Rádio Expres

Slovakia;
- Frequencies: 32 different FM frequencies, available also on internet and selected cable providers

Programming
- Language: Slovak
- Format: Hot AC

Ownership
- Owner: Bauer Media Group

History
- First air date: December 31, 1999

Links
- Website: www.expres.sk

= Rádio Expres =

Slovak radio station

Rádio Expres is the most listened-to commercial radio station in Slovakia. Since 2013, it has been operated by the Bauer Media Group, which also owns the stations Melody, Europa 2, and Rock. The radio began broadcasting on December 31, 1999, as it was legally required to start broadcasting by that date. Full-scale broadcasting began on January 1, 2000.

Hu:Rádio Expres

== Broadcasting ==
The format of the radio is Hot AC, and its target audience is primarily listeners aged 20 to 40 with a middle or higher education. The radio emphasizes news and music, playing mostly contemporary music, but also featuring shows dedicated to music from the 70s, 80s, and 90s. In addition to domestic and international news, weather reports and traffic updates are dominant components of the news coverage.

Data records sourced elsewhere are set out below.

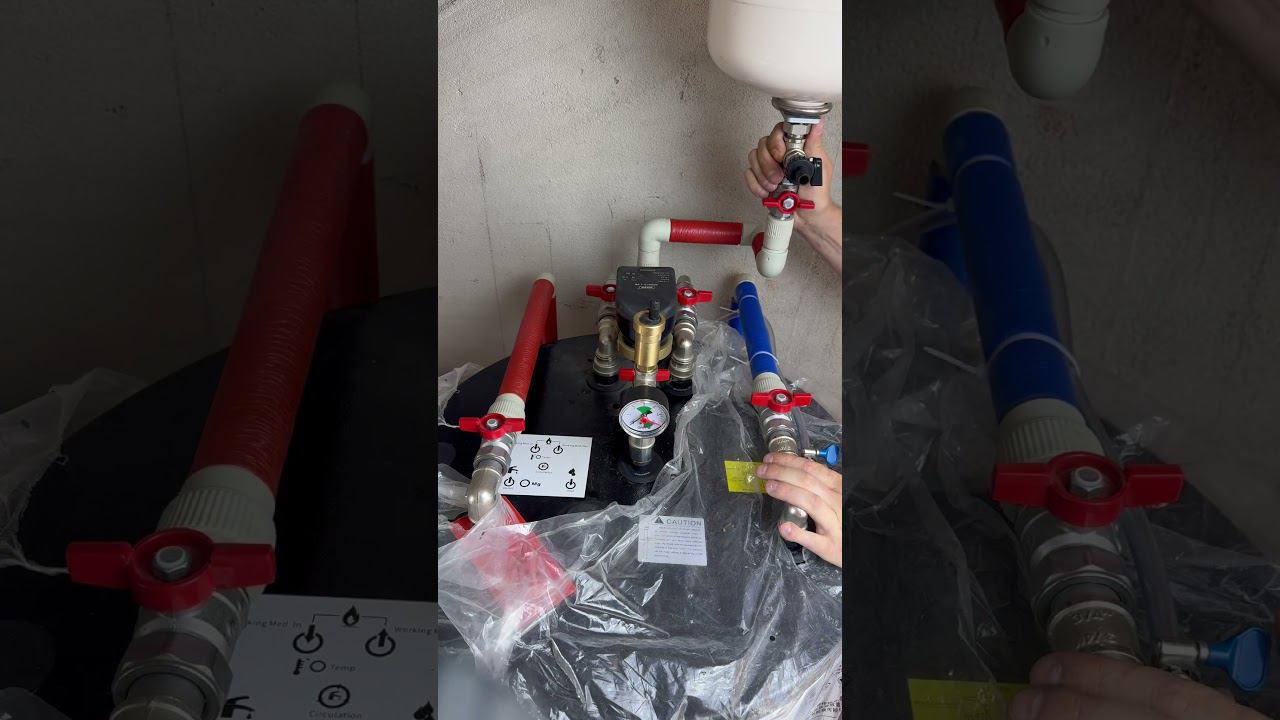 Обвязка бойлера косвенного нагрева смотреть онлайн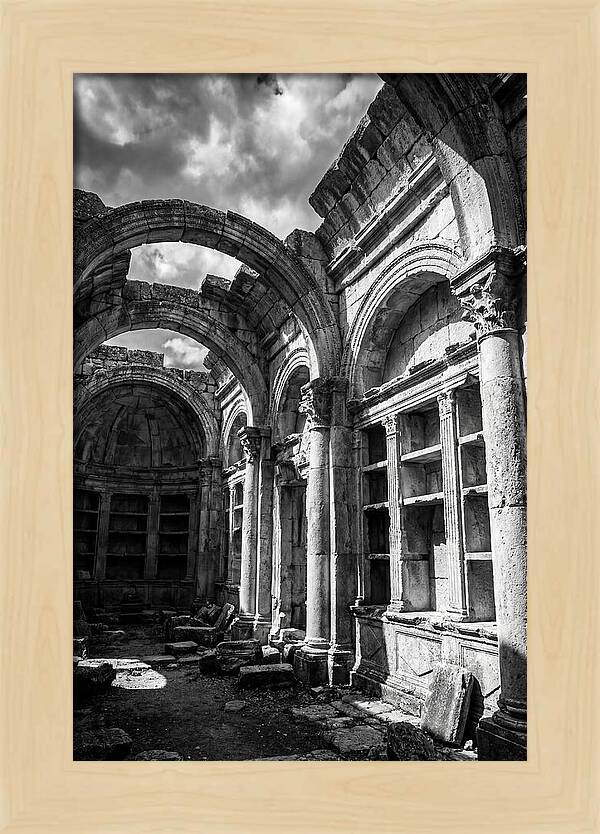 Ephesus Library Architectural Detail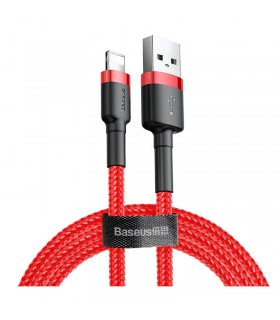 کابل تبدیل USB به لایتنینگ باسئوس مدل CALKLF-C09 طول 2 متر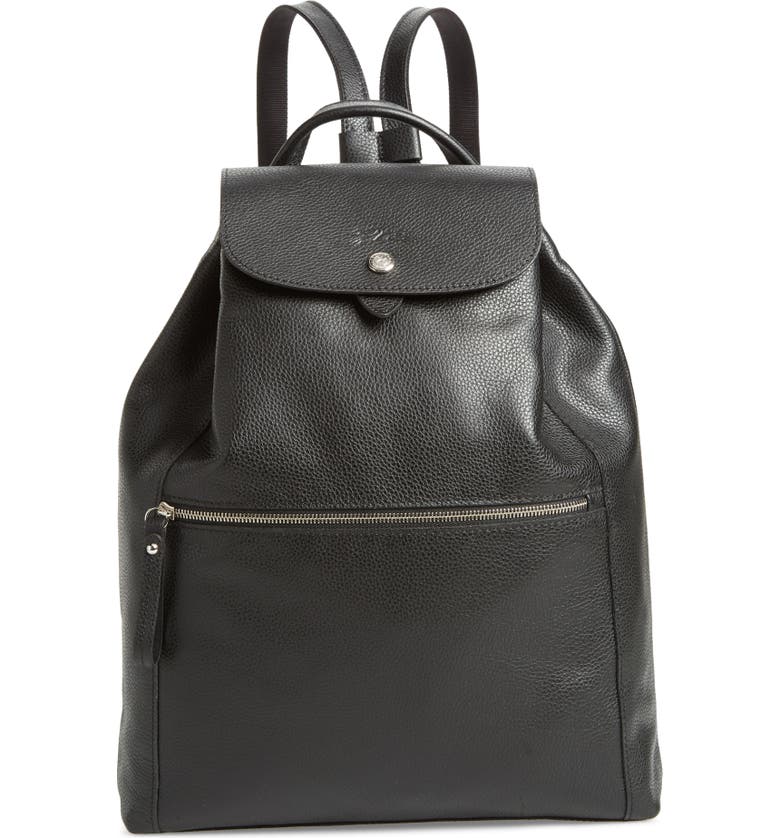 Longchamp Veau Leather Backpack | Nordstrom
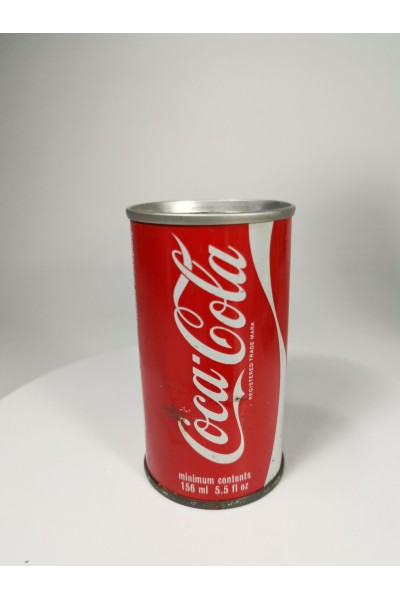 Vintage Αναψυκτικό Κουτάκι Coca-Cola 156 ml
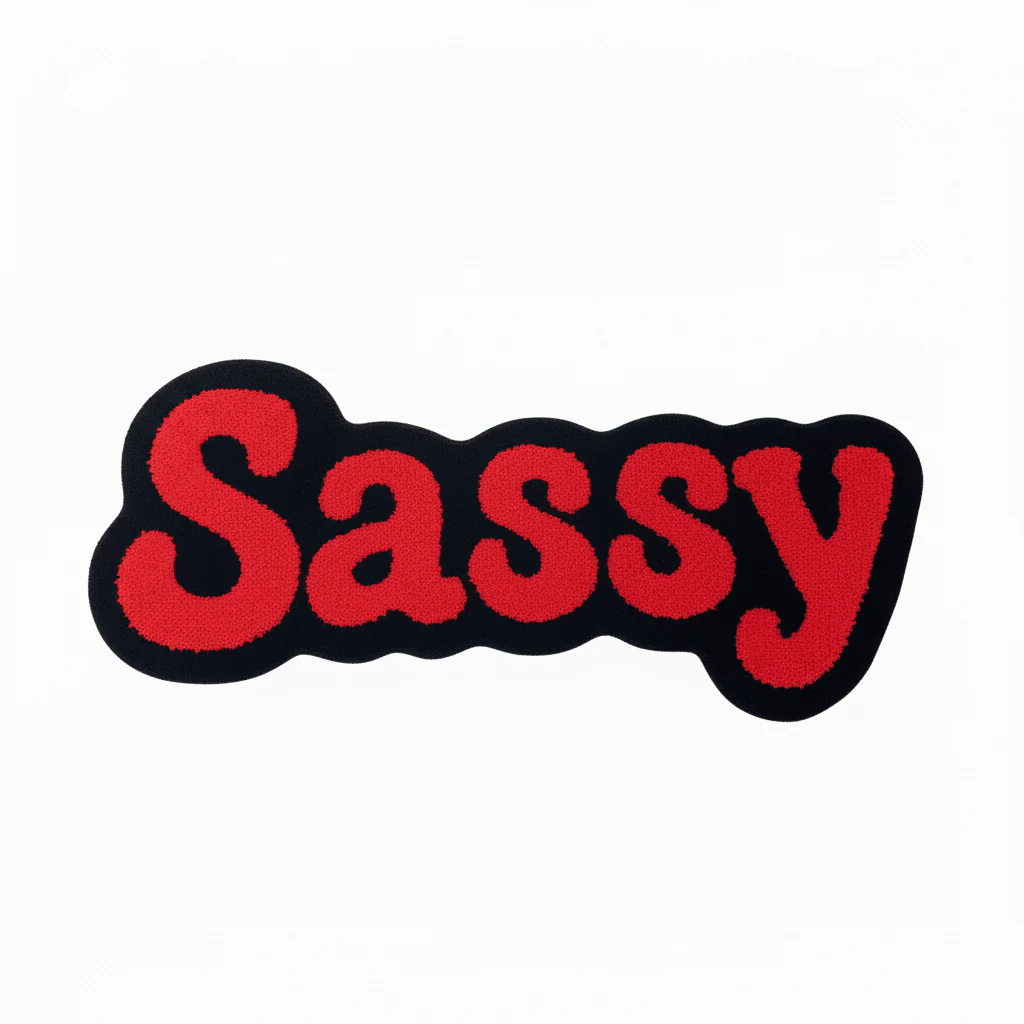 Sassy Hand Tufted Wool Rug - Image 3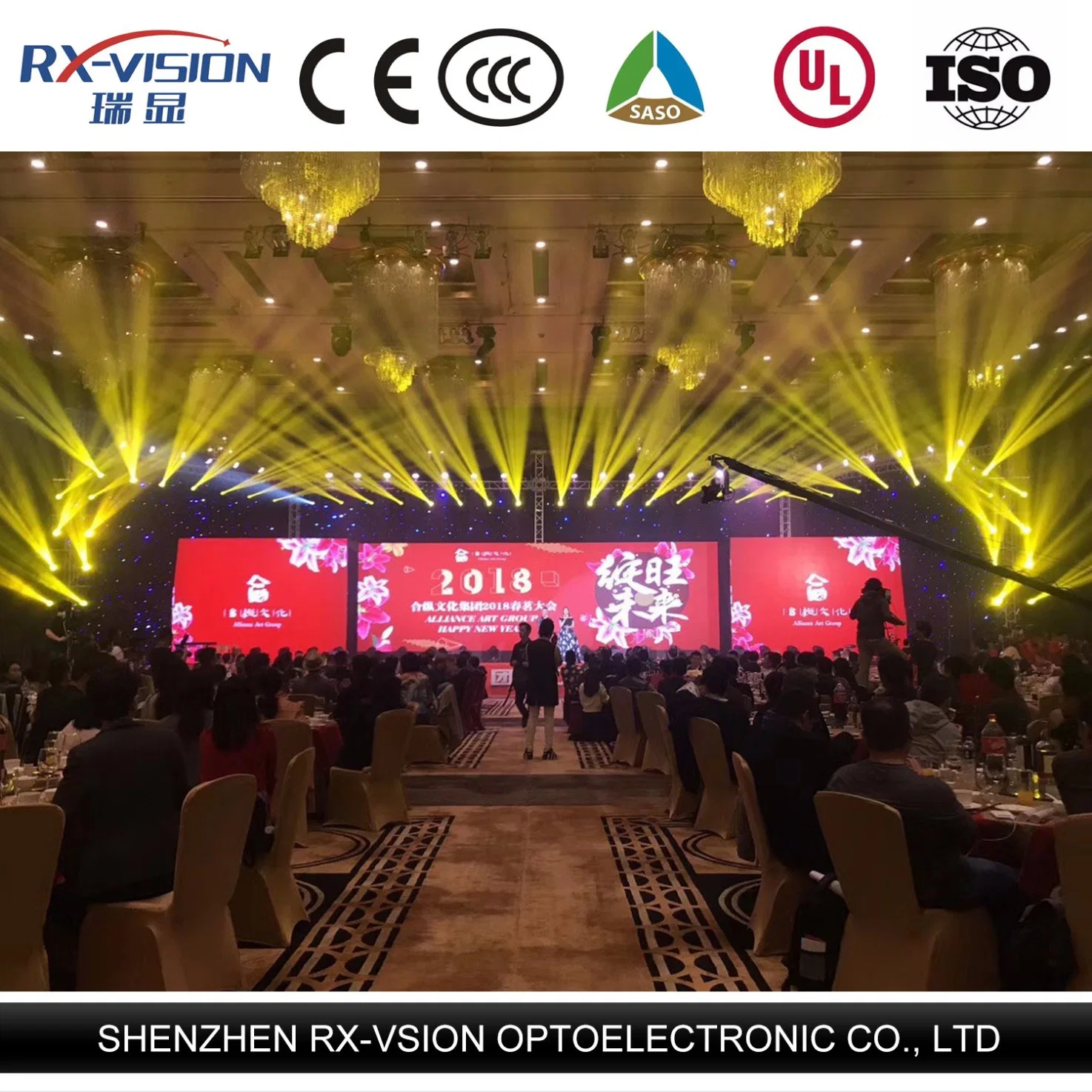 LED Display Panel Factory Rental LED Screen LED Display Indoor P3.91 & P2.604 1mx0.5m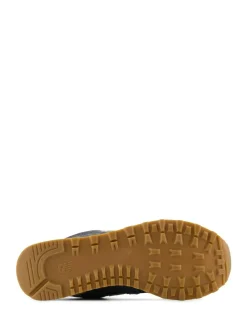 Outlet New Balance Black/Leopard Print 574 Trainers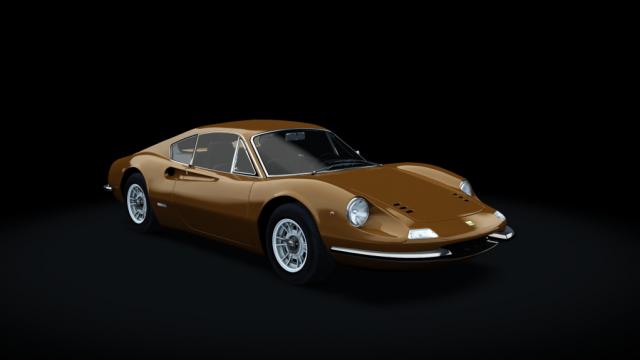 Ferrari Dino 246GT ’69 for Assetto Corsa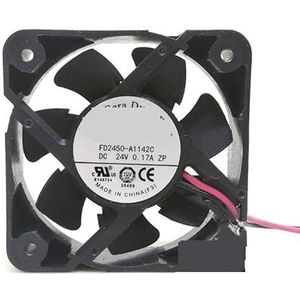 ARX FD2450-A1142C DC24V 0.17A 50x50x15MM 5cm 2Lines Inverter Cooling fan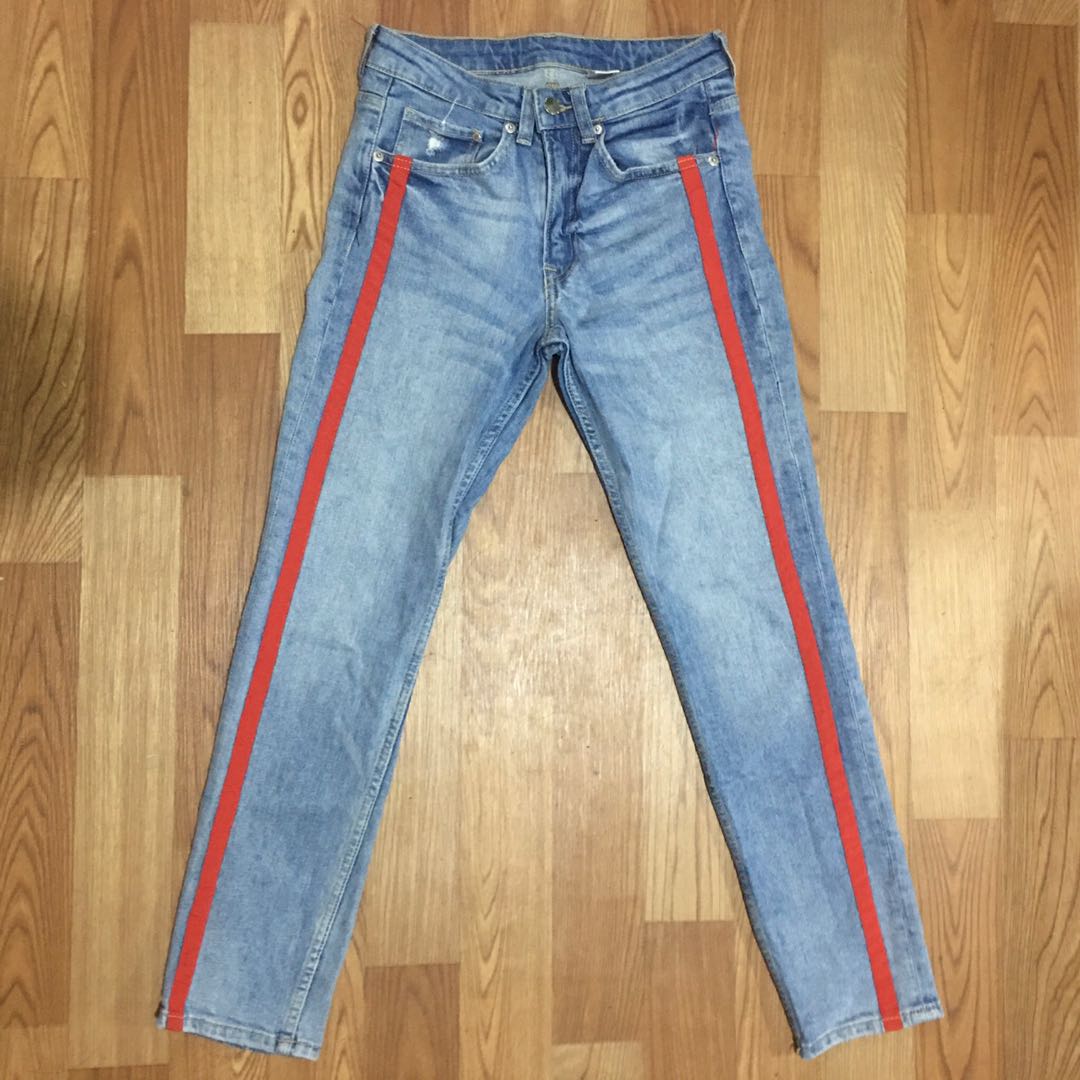 h&m girlfriend jeans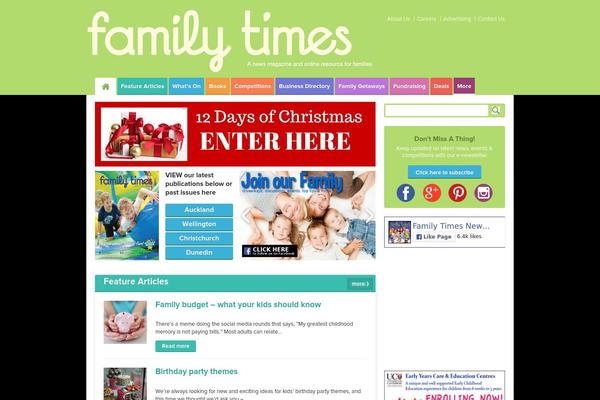 familytimes.co.nz site used JustWrite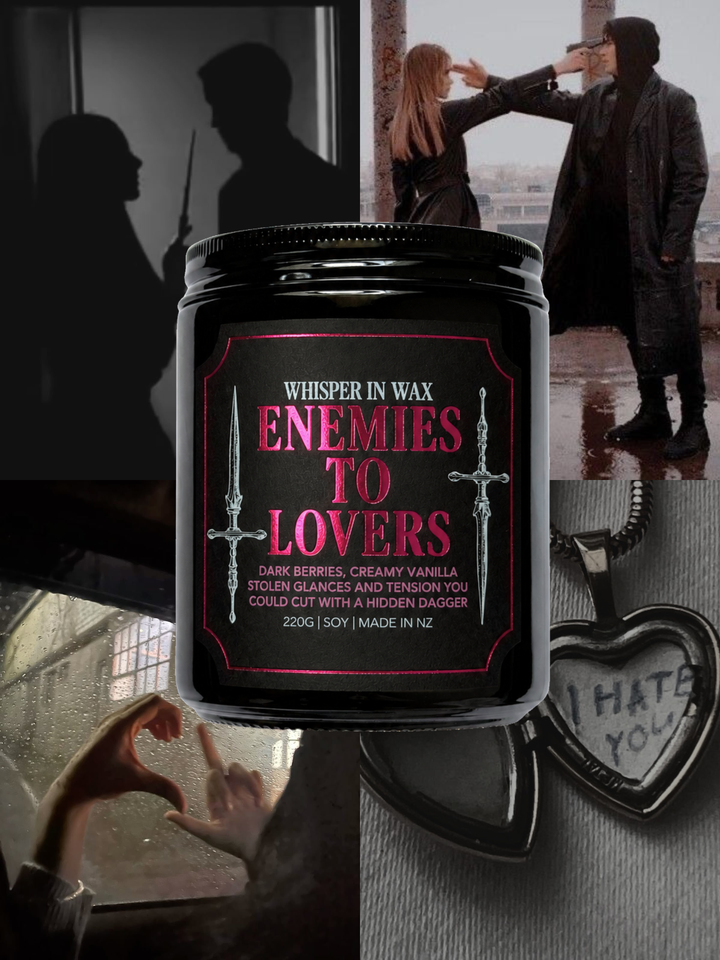 Enemies To Lovers Candle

The radio broadcasts terrestrially almost exclusively through a network of transmitters operated by Expres Net k.s., with advertising space managed by BAUER MEDIA SLOVAKIA, k.s. Besides nationwide advertisements, it also airs regional spots divided into regions such as Bratislava, South, Trenčín, Žilina, Central, Tatry, and East. These spots are cheaper and are mainly intended for companies targeting people in a specific region.

Most of the day (from 6:00 am to 10:00 pm) consists of broadcasts composed of news (every hour), traffic updates (every half-hour and every 20 minutes from 6:00 am to 9:00 am), and on weekdays, short news segments every half-hour from 7:30 am to 4:30 pm, along with hosts' segments and music. The programming is divided into several blocks, each hosted by a different presenter. The segments are more entertainment-oriented, and the broadcast includes specialized shows like hit parades.

== Transmitters ==
The signal transmission for the radio is provided by Expres Net through a network of 50 primarily private transmitters (as of December 2020), with only a few locations using Towercom masts. The broadcaster was the first to begin building a nationwide network of low-power transmitters in 2000, placed at suitable, lower-lying locations near settlements. Gradually, this network of transmitters was developed, locally providing program transmission for other stations as well.